Interview: Chrétien Breukers over de nieuwe Poëziekalender
Een maand geleden werd bekend dat de Poëziekalender die vorig jaar door Gerrit Komrij begonnen is, bij uitgeverij Van Gennep wordt voortgezet door Chrétien Breukers. De titel is Scheurkalender van de poëzie, met daarin opgenomen een ode aan Gerrit Komrij.
Wie heeft je benaderd om deze taak over te nemen?
Tijdens een telefoongesprek met de uitgever van Van Gennep kwam het idee om de kalender voort te zetten naar boven.

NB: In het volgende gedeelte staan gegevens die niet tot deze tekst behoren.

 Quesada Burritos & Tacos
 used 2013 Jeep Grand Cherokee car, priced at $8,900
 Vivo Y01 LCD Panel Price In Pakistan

Als eerbetoon aan Gerrit Komrij én omdat er in een fatsoenlijk literair landschap natuurlijk geen gedichtenkalender mag ontbreken. Zo bedacht, zo gedaan. Het was allemaal kort dag, maar het is gelukt; al heb ik tijdens de acht weken dat ik aan de agenda werkte, nauwelijks geslapen.
Lag er al iets klaar wat Komrij had gemaakt of moest je alles maken?

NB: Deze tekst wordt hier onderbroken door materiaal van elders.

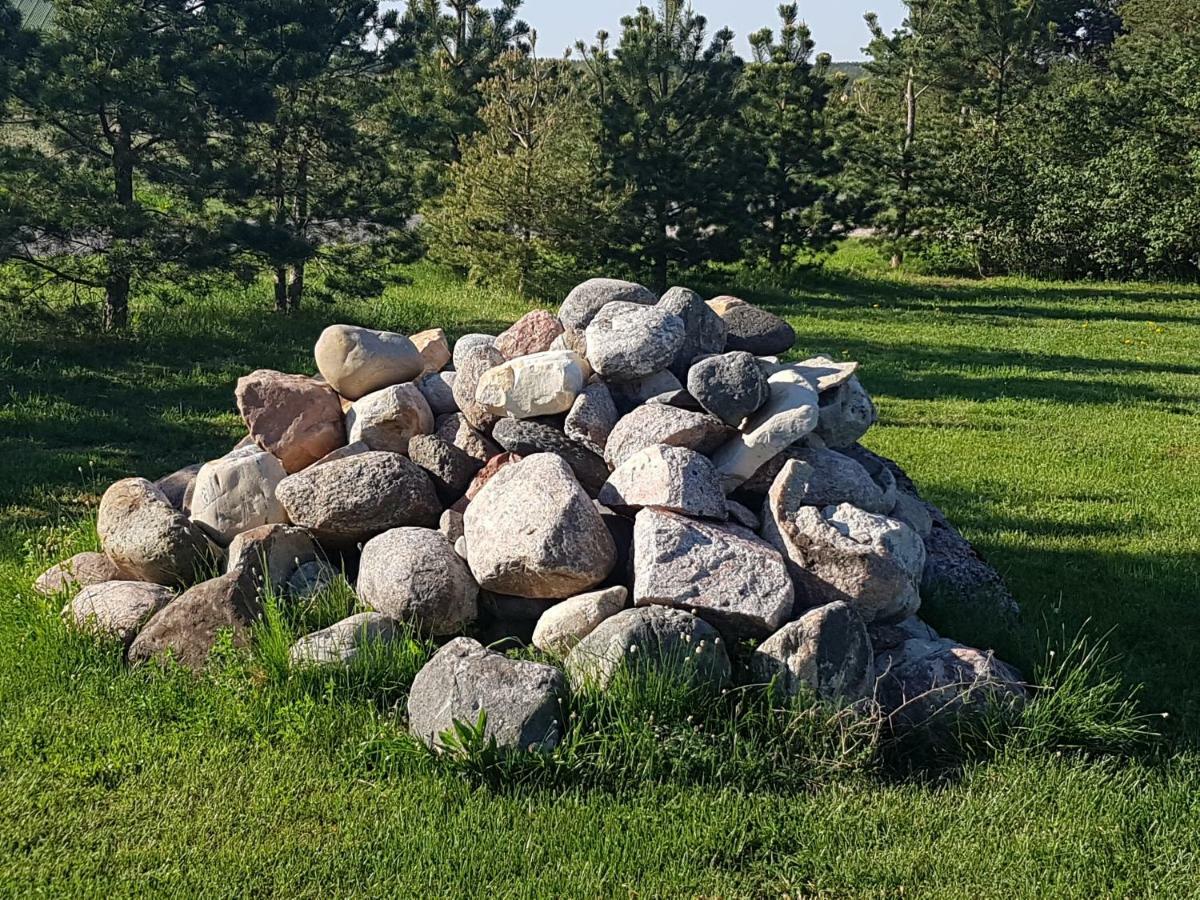 Risti Kodumajutus Appartement Lemsi Buitenkant foto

Volgens mij had Komrij nog niets af. Hij was ook al geruime tijd van dit jaar ziek, dus hij zal weinig tijd hebben gehad om eraan te werken. Het is inderdaad een behoorlijk werk, waar ik vierkante ogen van kreeg. Gek genoeg merkte ik dat tijdens het schrijven aan de teksten mijn mening over sommige dichters verandert. Ik vond Willem Kloos altijd wel een goede dichter, maar ineens kan ik hem niet meer verdragen. Met Albert Verwey is het precies andersom. Misschien gaat het wel weer over.

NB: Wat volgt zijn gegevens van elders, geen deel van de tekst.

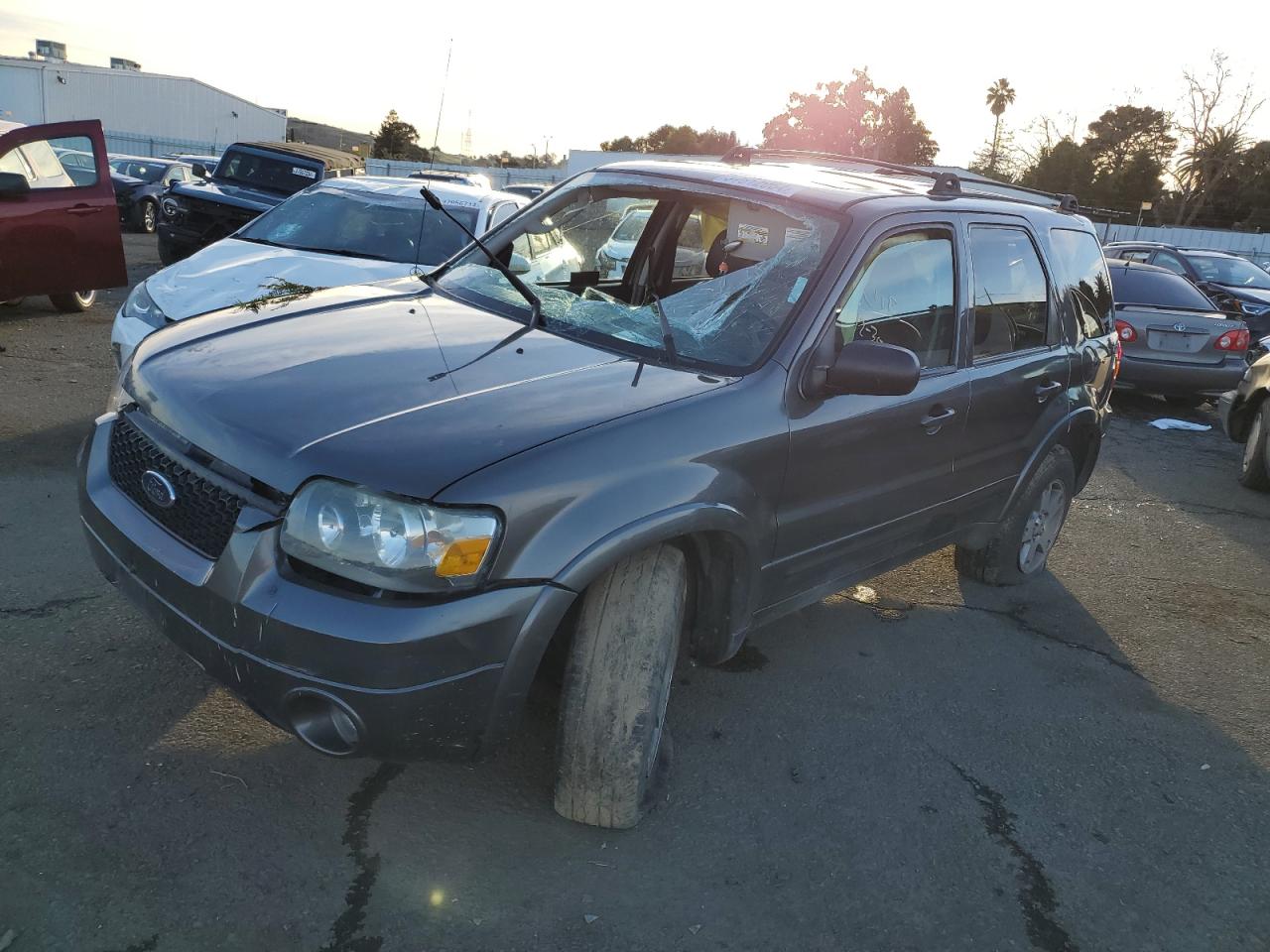 Ford Escape 2005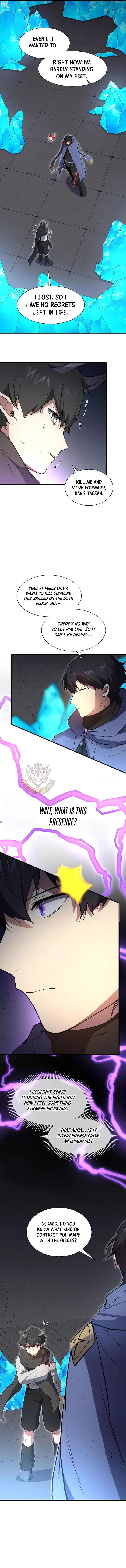 Level Up With Skills Chapter 127 - Page 12 in English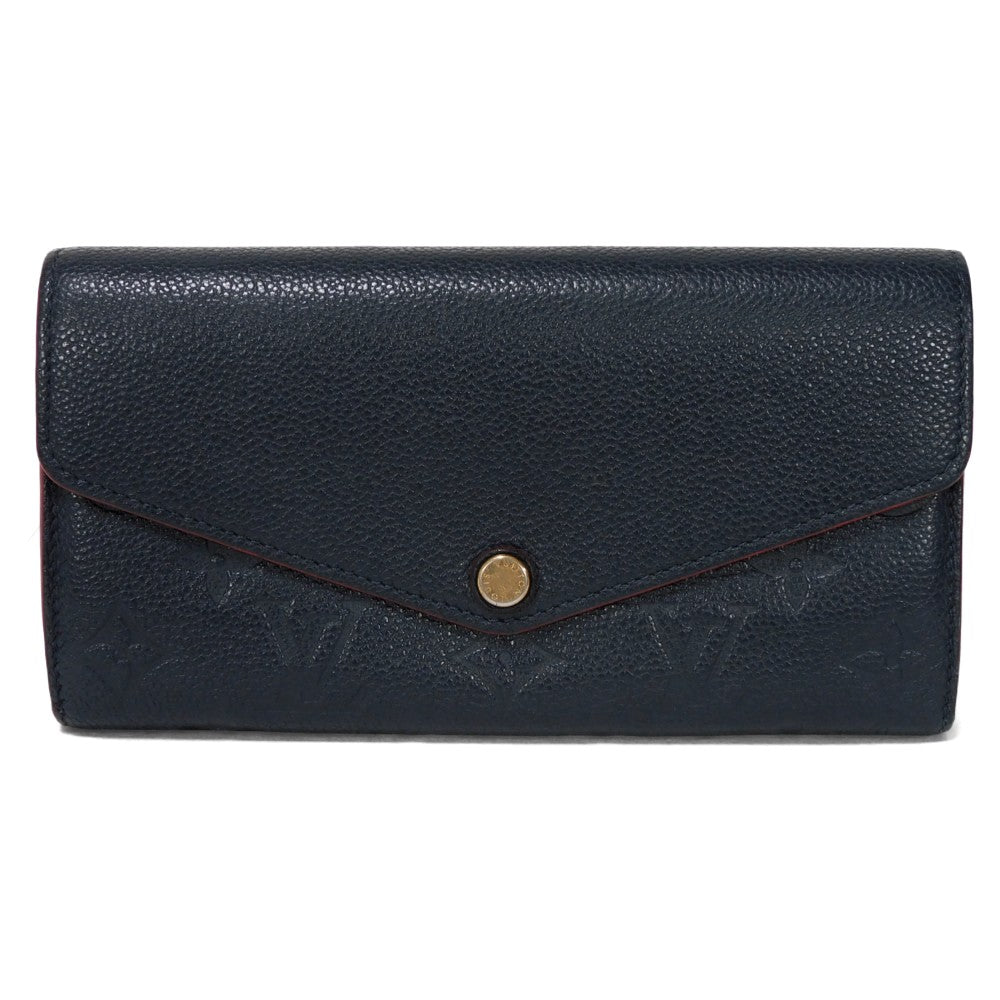 Louis Vuitton Empreinte Leather Wallet M62125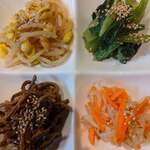 焼肉家げんちゃん - 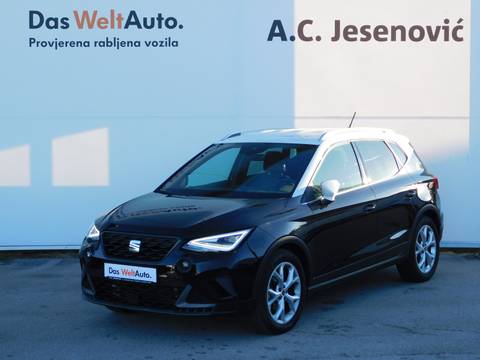 2024 Seat Arona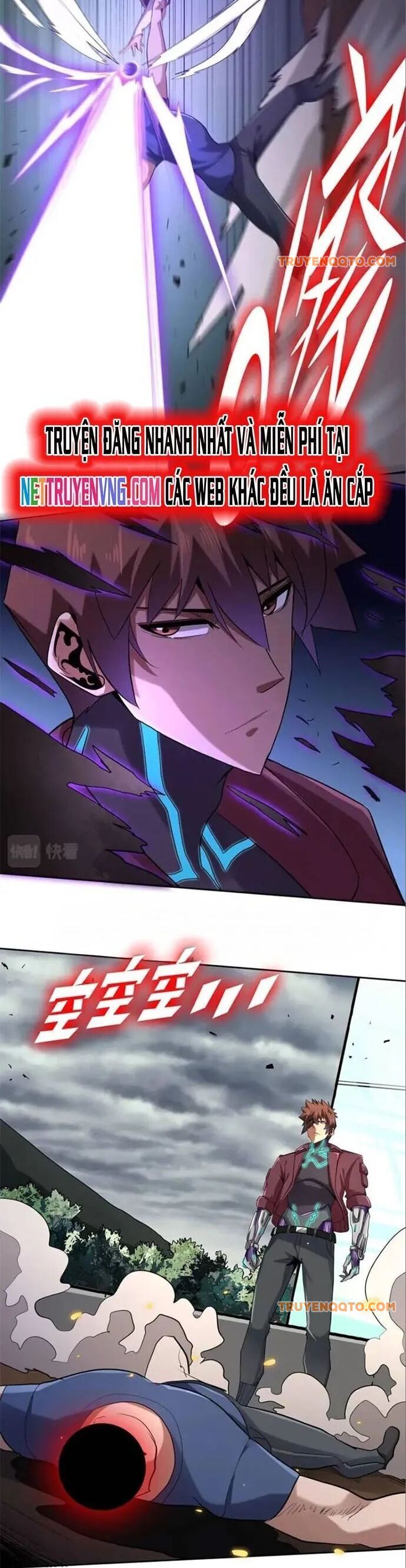 Thợ Săn Mạt Thế Chapter 38 - 2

In de kalender heb ik soms wat extra ruimte gemaakt voor dichters die ik waardeer en die een beetje vergeten zijn geraakt. Willem de Mérode, J.A. dèr Mouw en H. Marsman bijvoorbeeld. Grootheden die bijna niemand meer leest.
Je hebt eerder al bloemlezingen gemaakt (net als Komrij). Is het maken van een kalender ander werk?
De kalender is een bloemlezing+. Je moet namelijk bij elk gedicht een tekst van ongeveer 200 woorden schrijven. Dat zijn samen best veel woorden, ook al worden de zaterdag en de zondag samen als één dag geteld. Tijdens het schrijven, merk je dat de mening over een gedicht als het ware ontstaat. Al schrijvend dus. Veel meningen had ik niet gehad, als ik de kalender niet had geschreven. Of dat een goede zaak is, laat ik aan de lezer over.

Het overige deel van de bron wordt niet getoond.